Finding the former site of the Salt Lake, the Knights find it is now a dry
lake bed.  Indeed, the whole valley is parched; it's a good thing the Knights
have brought along a water supply in cans in their car.  But then a giant
crystalline semi-humanoid creature, with a round, segmented head and a body made of
salt, approaches.  It emits radiation too strong for the Knights' protective
armor to stand for long, and the Ragun is useless against it.  But the creature
is not after the Knights-- it is after the water the Knights have brought
along.  It sucks the water up from the cans, and as it absorbs the water it grows
even larger, before stalking off in search of another drink.  "If THAT'S the
menace threatening this valley-- Gardner, how can we deal with it?"  Then the
Knights spot another message-kite  and meet the people who sent it-- a band of
people who are dying of thirst because the creature that grew from the
radiation-blasted Salt Lake has stolen all their water.  They are too weak to reach
Durvale, and besides, the salt creature has to be destroyed before it can
become a menace to all surviving humans.  "Now I have an idea!", Gardner addresses
Bryndam.  "You're the scientist-- you tell me if it can work!"  Gardner
directs Bryndam to direct the Ragun's blast at the nearby rock formations, hoping
to release a stream of underground water.  this succeeds, and a gusher of water
provides succor gfor the thirsting valley people (though they have to be
given anti-radiation pills along with it).  For the next part of his plan, as the
water from the rock creates a small pond, Gardner orders the Knights to dump
"RED LIMESTONE ROCK-- full of CALCIUM CARBONATE" into it.  As expected, the
salt creature shows up to guzzle down the precious water.  But "the calcium
carbonate in that concentration ought to solidify in its body-- right, Bryndam?" 
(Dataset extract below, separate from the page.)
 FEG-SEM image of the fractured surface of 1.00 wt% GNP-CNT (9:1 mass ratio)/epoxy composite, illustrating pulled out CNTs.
"Theoretically-- yes, Gardner!  But you never know--"  For a moment, it seems
that the ploy is indeed unsuccessful, as the creature turns pinkish but
continues charging at the Knights and the townspeople.  But then the creature turns
solid red and freezes immobile.  "All the life has gone out of it!  Gardner,
we've done it!  We've turned the salt creature into a STONE STATUE!"  A few days
later, with the Knights gone back to Durvale, the revivified people get back
to work rebuilding their settlement.  But the red stone monster still looms
over them, for "We will always keep that statue as a reminder that we of this
valley owe our lives to the ATOMIC KNIGHTS!"